INFORMATION PROVIDED:
* * *
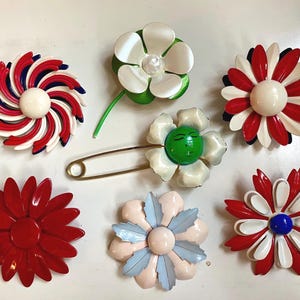 Mod Enamel Vintage Bold Flowers 1960s Groovy Metal Brooches Bright Hues Brooch Pin Floral Feminist Patriotic Jewelry Flower Power Daisy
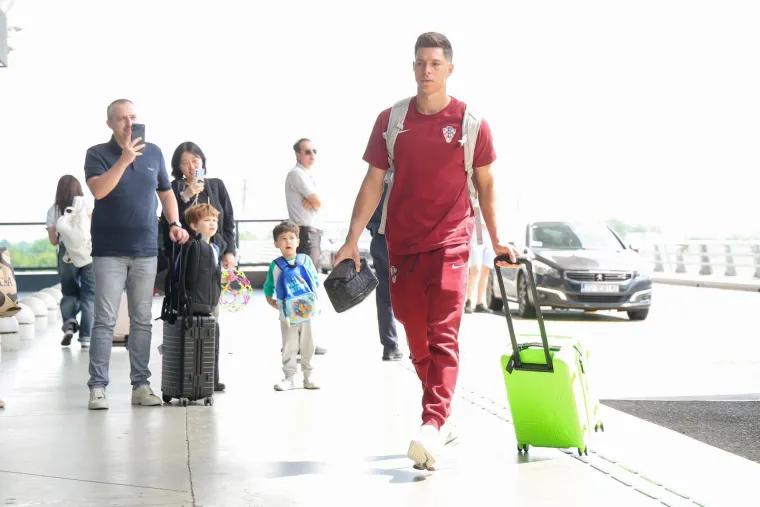 Vatreni stigli na aerodrom i otputovali prema Svjetskom prvenstvu u Americi: Pogledajte sretne izraze lica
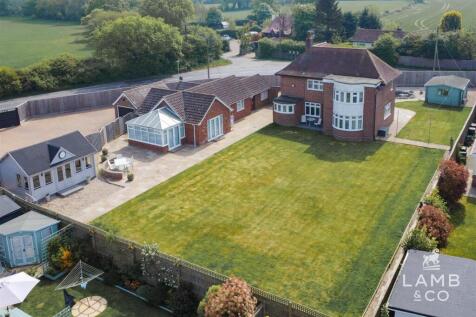 Beaumont Road, Harwich CO12 6 bed detached house for sale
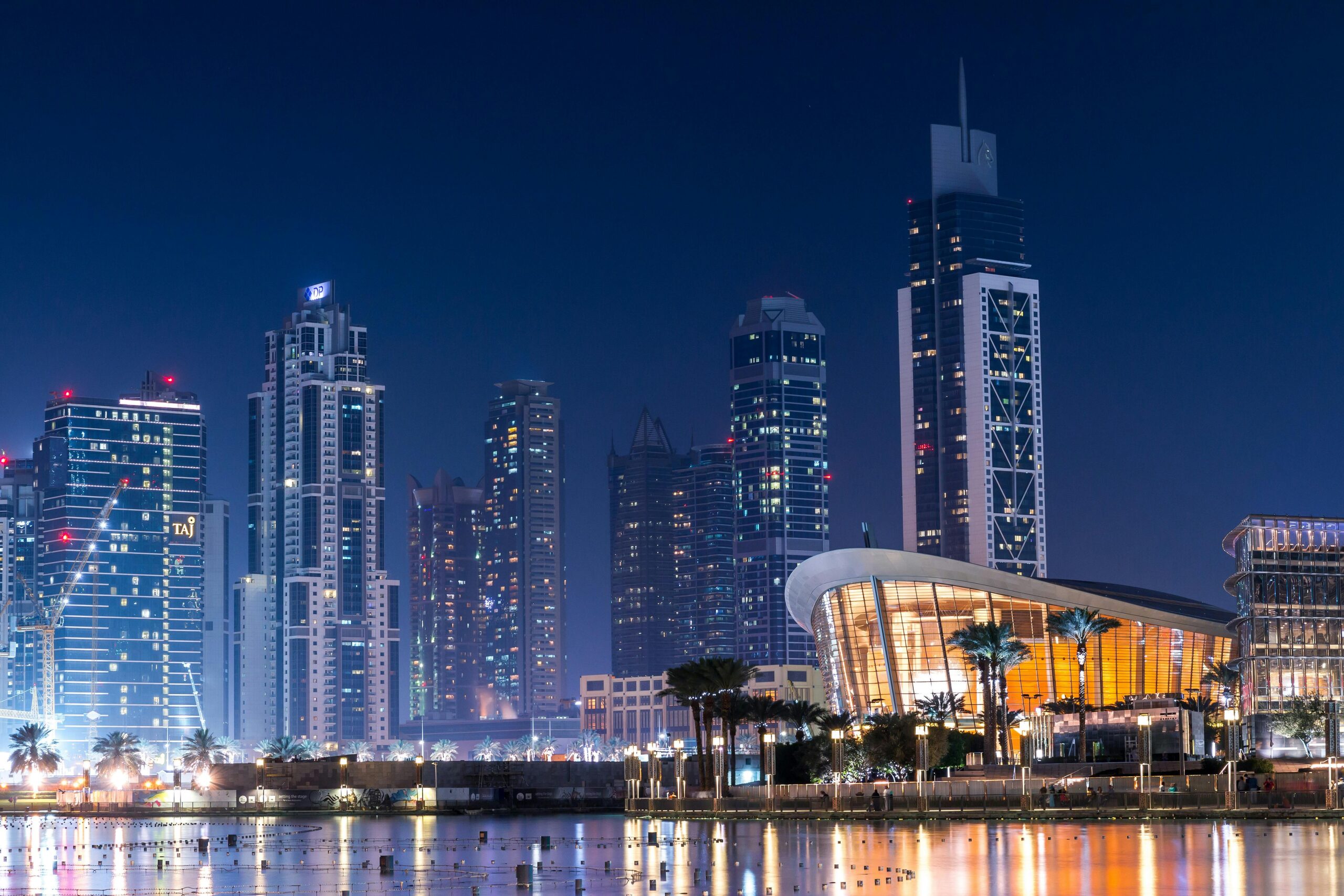Read more about the article 10 Advantages to Setup a Free Zone Company in the UAE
* * *
EXERCISE: Would you give the data above again word for word, minus the pictures?

ANSWER FOR THE TASK:
 Mod Enamel Vintage Bold Flowers 1960s Groovy Metal Brooches Bright Hues Brooch Pin Floral Feminist Patriotic Jewelry Flower Power Daisy
 Vatreni stigli na aerodrom i otputovali prema Svjetskom prvenstvu u Americi: Pogledajte sretne izraze lica
 Beaumont Road, Harwich CO12 6 bed detached house for sale
Read more about the article 10 Advantages to Setup a Free Zone Company in the UAE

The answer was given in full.